SampleSpace = frozenset[str]
Event = frozenset[str]
SigmaAlgebra = frozenset[Event]

def powerset(iterable: Iterable) -> Iterable:
    """Compute the power set of an iterable.

    See https://docs.python.org/3/library/itertools.html#itertools-recipes

    Parameters
    ----------
    iterable : Iterable
        The set to take the power set of.

    Returns
    -------
    Iterable
        All subsets of the input as tuples.
    """
    s = list(iterable)
    return chain.from_iterable(combinations(s, r) for r in range(len(s)+1))

class FiniteMeasurableSpace:
  """A finite measurable space.

  Parameters
  ----------
  atoms : SampleSpace
      The atoms of the space.
  sigma_algebra : SigmaAlgebra
      The sigma-algebra of the space.
  """
  def __init__(self, atoms: SampleSpace, sigma_algebra: SigmaAlgebra):
    self._atoms = atoms
    self._sigma_algebra = sigma_algebra

    self._validate()

  def _validate(self):
    for subset in self._sigma_algebra:
      if not subset <= self._atoms:
        raise ValueError("All events must be a subset of the atoms")

      if not (self._atoms - subset) in self._sigma_algebra:
        raise ValueError("The σ-algebra must be closed under complements")

    for subsets in powerset(self._sigma_algebra):
      subsets = list(subsets)

      # reduce raises on empty iterables
      if not subsets:
        continue

      union = frozenset(reduce(frozenset.union, subsets))
      if union not in self._sigma_algebra:
        raise ValueError(
            "The σ-algebra must be closed under countable union"
        )

      intersection = frozenset(reduce(frozenset.intersection, subsets))
      if intersection not in self._sigma_algebra:
        raise ValueError(
            "The σ-algebra must be closed under countable intersection"
        )

  @property
  def atoms(self) -> SampleSpace:
    """The atoms of the space."""
    return self._atoms

  @property
  def sigma_algebra(self) -> SigmaAlgebra:
    """The sigma-algebra of the space."""
    return self._sigma_algebra
Define ProbabilityMeasure
from itertools import combinations

class ProbabilityMeasure:
  """A probability measure with finite support.

  Parameters
  ----------
  domain : FiniteMeasurableSpace
      The domain of the probability measure.
  measure : dict[Event, float]
      The graph of the measure.
  """

  def __init__(self, domain: FiniteMeasurableSpace, measure: dict[Event, float]):
    self._domain = domain
    self._measure = measure

    self._validate()

  def __call__(self, event: Event) -> float:
    """Return the probability of an event.

    Parameters
    ----------
    event : Event
        The event to measure.

    Returns
    -------
    float
        The probability of the event.
    """
    return self._measure[event]

  def _validate(self):
    for event in self._domain.sigma_algebra:
      if event not in self._measure:
        raise ValueError("Probability measure must be defined for all events.")
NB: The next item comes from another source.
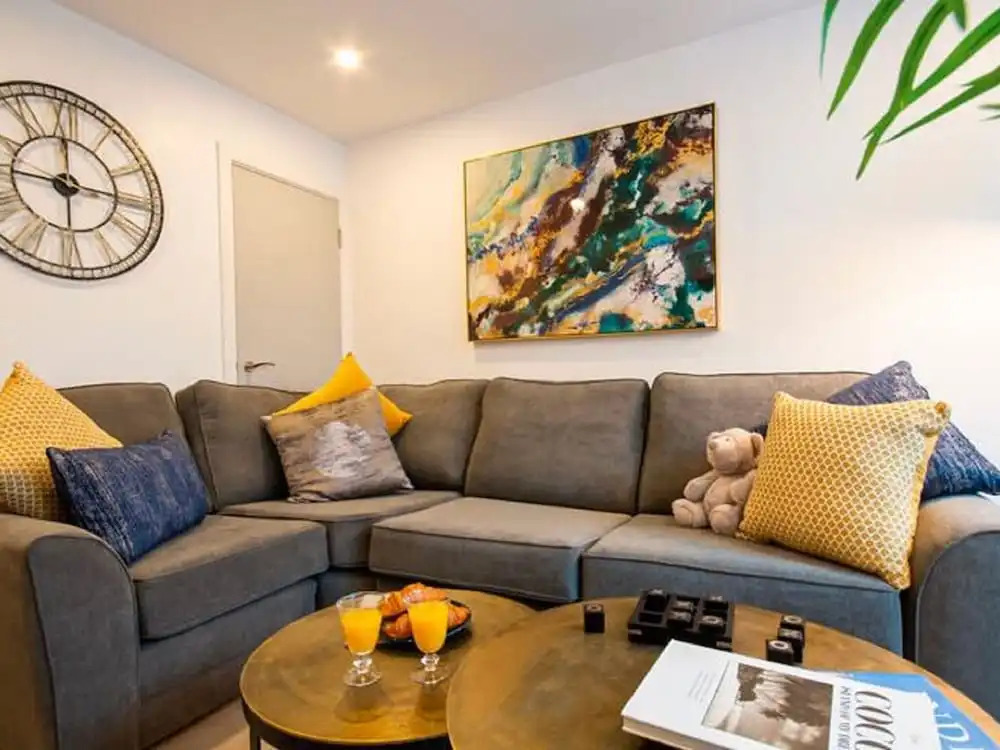 Plush Holiday Home in Coventry Near Coventry University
    if self._measure[frozenset(self._domain.atoms)] != 1:
      raise ValueError("The probability of the sample space must be 1.")

    for events in powerset(self._domain.sigma_algebra):
      events = list(events)

      if not events:
        continue

      if not any(e1.intersection(e2) for e1, e2 in combinations(events, 2)):
        prob_union = self._measure[reduce(frozenset.union, events)]
        prob_sum = sum(self._measure[e] for e in events)

        if round(prob_union, 4) != round(prob_sum, 4):
          raise ValueError("The measure does not satisfy 𝜎-additivity.")
        
  def are_mutually_exclusive(self, *events: Event) -> bool:
    """Check whether events are pairwise disjoint.

    Parameters
    ----------
    *events : Event
        The events to check.

    Returns
    -------
    bool
        True if no two events overlap.
    """
    self._validate_events(events)
    return not any(e1.intersection(e2) for e1, e2 in combinations(events, 2))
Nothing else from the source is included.